WORK TO COMPLETE: Keep the text of the data exactly as it is and omit each picture from the copy.

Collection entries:
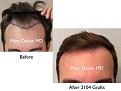 Click image for larger version

Name:	Hair Transplant Slides copy6.001.jpg
Views:	381
Size:	12.8 KB
ID:	475136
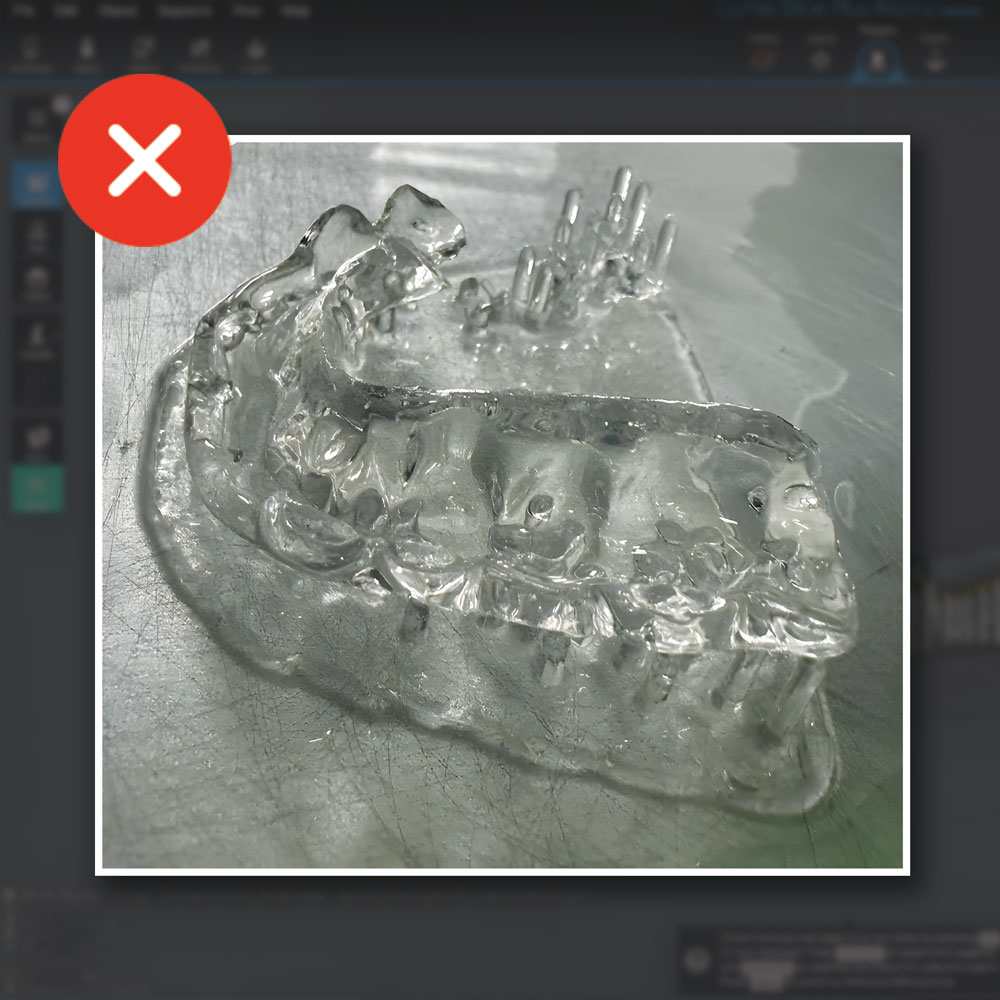 Failed dental model due to poor support strategy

SOLUTION FOR THIS PROBLEM:
 Click image for larger version

Name:	Hair Transplant Slides copy6.001.jpg
Views:	381
Size:	12.8 KB
ID:	475136
 Failed dental model due to poor support strategy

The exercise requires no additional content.